**Action item**
Reproduce, from the lines below, exactly the stretch that begins at the line containing "Tetê Espíndola apresenta" and ends at the line containing "Audi e-tron, 158 kW, elekter, nelikvedu", both included.

**Exercise inputs**
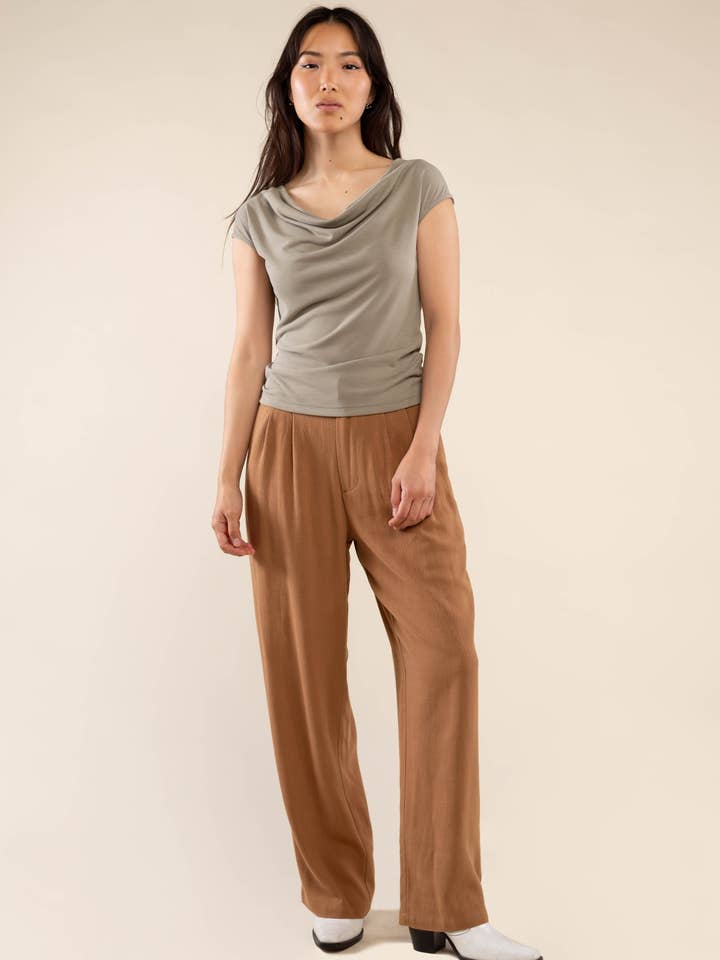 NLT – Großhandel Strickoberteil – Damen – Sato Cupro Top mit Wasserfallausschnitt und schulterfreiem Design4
--
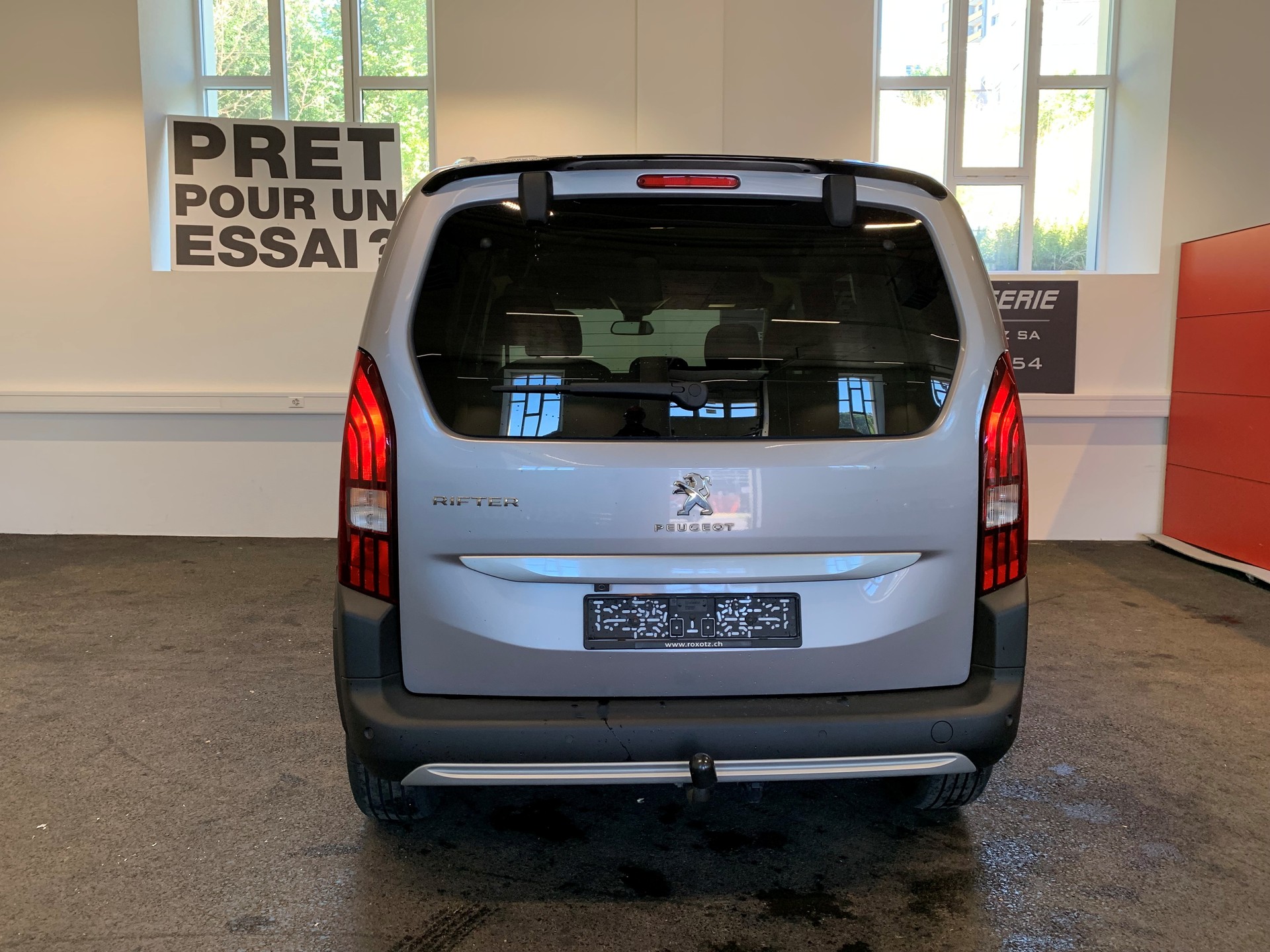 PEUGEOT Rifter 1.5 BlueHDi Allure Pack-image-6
--
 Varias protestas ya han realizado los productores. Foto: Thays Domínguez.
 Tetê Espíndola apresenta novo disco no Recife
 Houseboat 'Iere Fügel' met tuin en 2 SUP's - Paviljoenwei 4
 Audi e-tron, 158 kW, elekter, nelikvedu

**Written reply**
 Tetê Espíndola apresenta novo disco no Recife
 Houseboat 'Iere Fügel' met tuin en 2 SUP's - Paviljoenwei 4
 Audi e-tron, 158 kW, elekter, nelikvedu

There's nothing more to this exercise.